Information provided
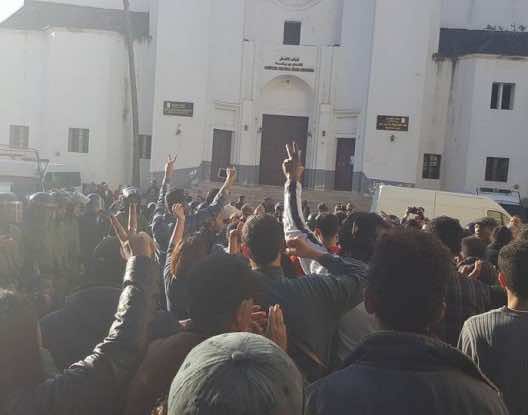 النهج يحمل بنكيران مسؤولية المنع الذي طال شبيبته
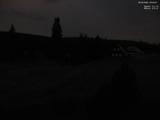 23 : 04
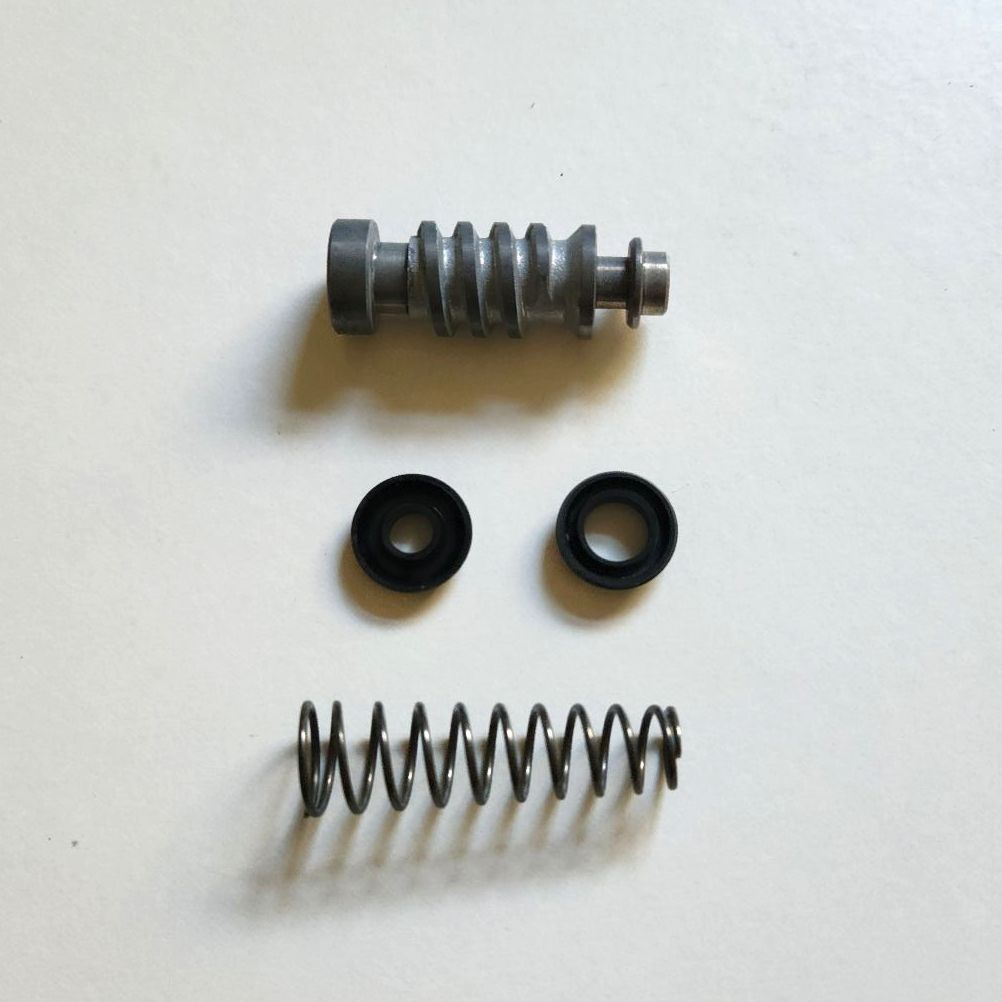 MASTER CYLINDER REPAIR KIT, REAR - GSX-R1100, GSX-R750, RG500 (PATTERN)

What is being asked
Once more, please print the whole listing exactly, omitting each image.

Solution to this exercise
 النهج يحمل بنكيران مسؤولية المنع الذي طال شبيبته
 23 : 04
 MASTER CYLINDER REPAIR KIT, REAR - GSX-R1100, GSX-R750, RG500 (PATTERN)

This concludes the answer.